Thursday, January 25, 2007

Smart thinking

Being old fashioned and something of a conservative, I believe that the way you present yourself to other people demonstrates your regard - or lack of it - for other people. In fact, nothing reflects a society more clearly in my view. I still shave every day, wear a suit and tie for work (even though it's not required by my company) and always make sure my shoes are smart, clean and well polished.

I mention this today as, for the second time in six months or so, there were bobbies on the beat in the part of town where I live (twice in six months!!! - have I missed a revolution?). Although I am always pleased to see policemen patrolling on foot, I was not particularly happy about the way they presented themselves to the public.

Neither seemed to know what a razor was for, their boots were filthy and unpolished and their visible uniform was crumpled and tatty looking. With their dayglo donkey coats over their flak jackets they looked more like a cross between a Hezbollah militant and a navvy than British policemen.

I know the modern mantra these days is "please yourself" and that this means, for many, dressing for comfort and convenience rather than to make oneself look presentable, but am I alone in thinking that Britain would be a much nicer place to live - even if only on the surface - if we all took a little more care and attention over our appearance?


Tom Tyler said...

Interesting point, Stan. Broadly speaking, I do agree with you, although personally I'm rather bohemian and scatterbrained by nature (and this often reflects in my dress-sense, at least when I'm not aiming to present myself as an accountant. It's shirt and necktie for business purposes; cowboy boots, jeans, belts, oversized shirts, mad hair and stubble for social purposes). Plus, amateur stage commitments often oblige me to grow unwieldly beards or long hair, as is the case at present. However, regardless of my outward appearance, I strive to be presentable by maintaining good manners: holding doors open for people, smiling and saying "hello there" even to checkout assistants whose greetings may be mere standard scripts, never refusing a couple of quid to a beggar crouching in a corner of the shopping street, stopping to have a few minutes' friendly chat with the neighbours, all these little things in life.
Actually, I'm quite surprised at your description of those local coppers.

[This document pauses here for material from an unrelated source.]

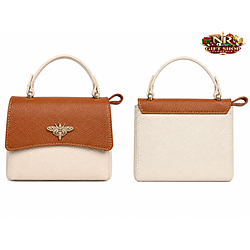 Borsa a Mano Donna Premium Bicolore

Round here, I've never noticed them looking shabby, from what little I've seen of them.

Stan said...

I don't want you to get the idea that I'm some sort of fashion nazi - I'm not. Like a lot of men my age, I pay little attention to my clothes as far as style is concerned. Most of my clothes are pretty old and I don't have a designer label to my name. I've got one good, bespoke suit and the rest are very ordinary.

I said I shave everyday, but that was slightly misleading as I will occasionally go without if I know I'm going to be staying at home and not going out in public.

Manners and politeness are essential in my book, but, to me, that includes making an effort in your appearance. Oddly enough, many people - particularly in showbiz - make extraordinary efforts to make it look like they've made no effort!

Good manners, to me, includes making oneself presentable before venturing out in public. It sends out the message "I respect your sensibilities". Being unkempt and unshaven sends out the message "I don't care what you think" - particularly to the older generation.

Apart from anything else, I find that a smarter, cleaner more presentable appearance draws politeness and good manners from others. Other people respond when they see that you are making an effort yourself. If they think you couldn't care less, then they will probably not care less either.